The way they describe this thing you’d think they were selling an ATV, or were the first to invent hand powered locomotion. They aren’t. 

9. Wild Card

We could have stopped at 3, but these guys filled the entire board. They even nailed the Wild Card slot by putting a sharp chainring inches from your face and calling it efficient innovation, which takes some guts. Well done!

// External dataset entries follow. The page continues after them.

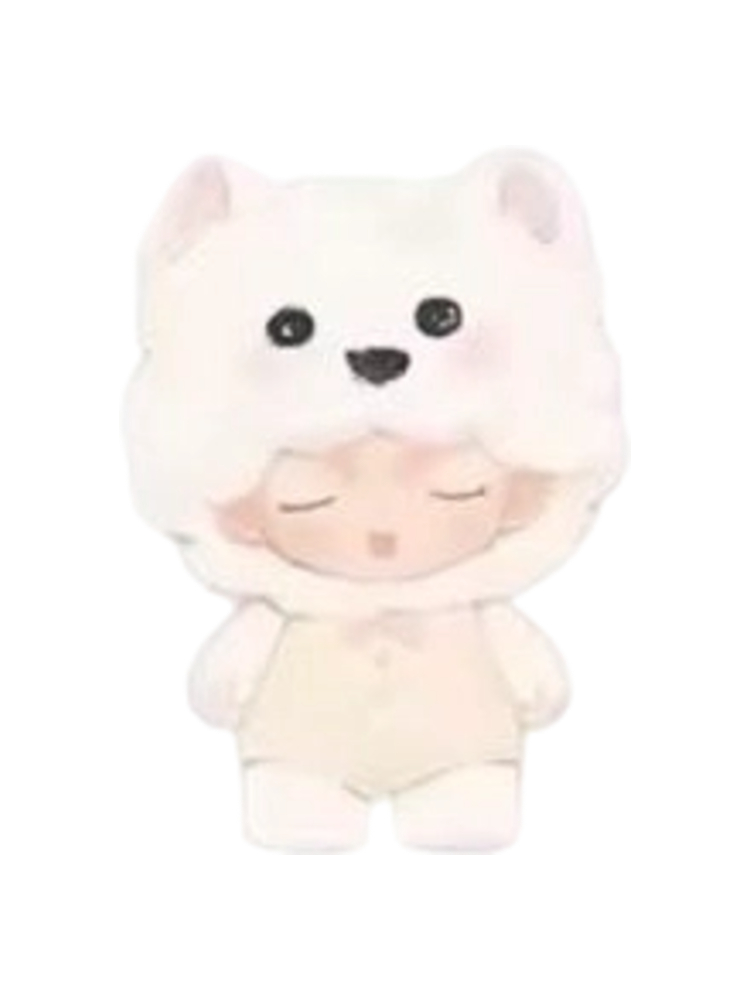 Snow biscuit puppy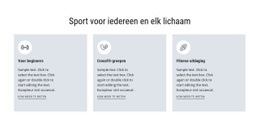 Sporten Voor Iedereen - Moderne HTML5-Sjabloon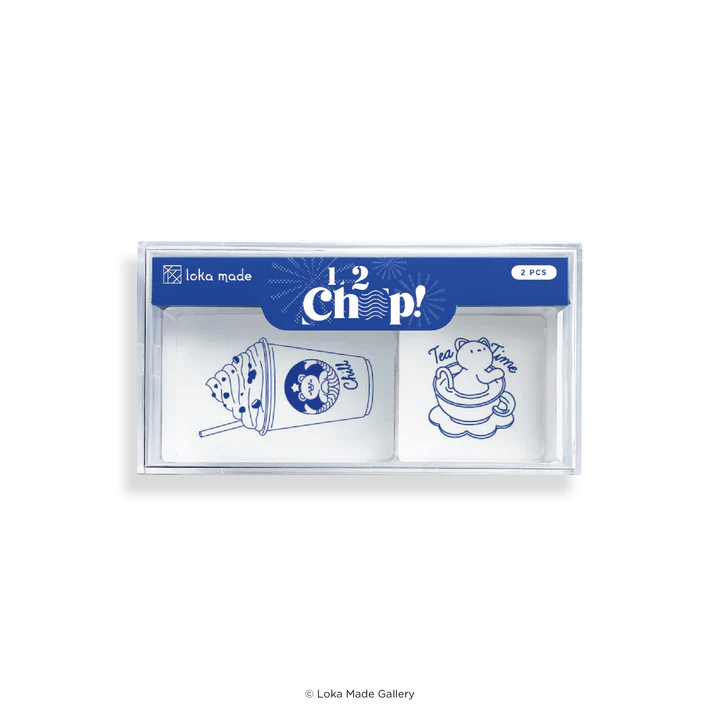 1,2,Chop! - Acrylic Stamp [6 Types]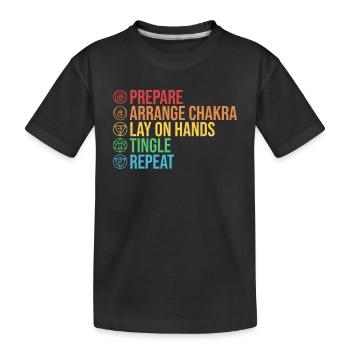 Reiki Meister Und Reiki Praktizierender - Kinder Premium Bio T-Shirt - Schwarz - Vorne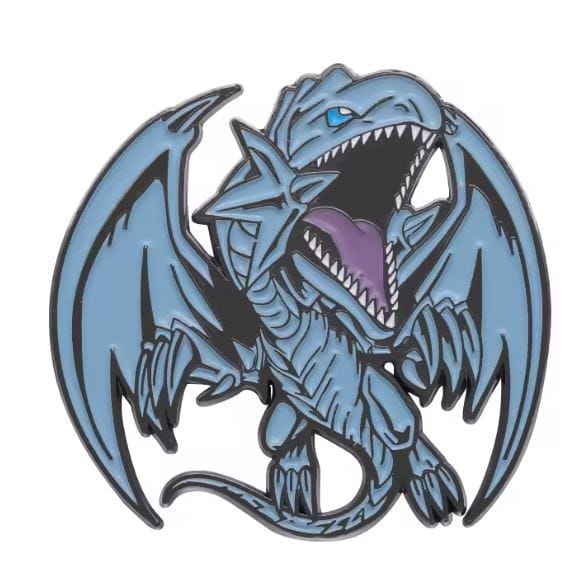 Przypinka emaliowana metalowa PIN Blue-Eyes White Dragon Yu-Gi-Oh!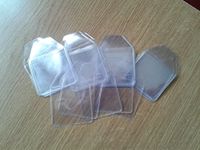 100 x 50mm - 2" x 2" - Plastic PVC Coin Envelope Wallets - Badge Holders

Hand cycles are in no way laughable on their own. Appropriate technology in sports equipment has come a long hard way towards being light and well-designed, but this is… something else entirely. If you want to see what serious hand bikes actually look like check out Bike-On

I’ll give the TwiCycle credit: it is eye-catching. But above all else it aims to shoehorn a minimally demanded “improvement” into an existing system without accounting for industry standards and crucial concerns around safety and comfort. Also if you say the name out loud you sound like a toddler.

The final Bad Bike Design Bingo score: 9/9. Nice work!

Would you ride one? Do you have other Bingo contenders?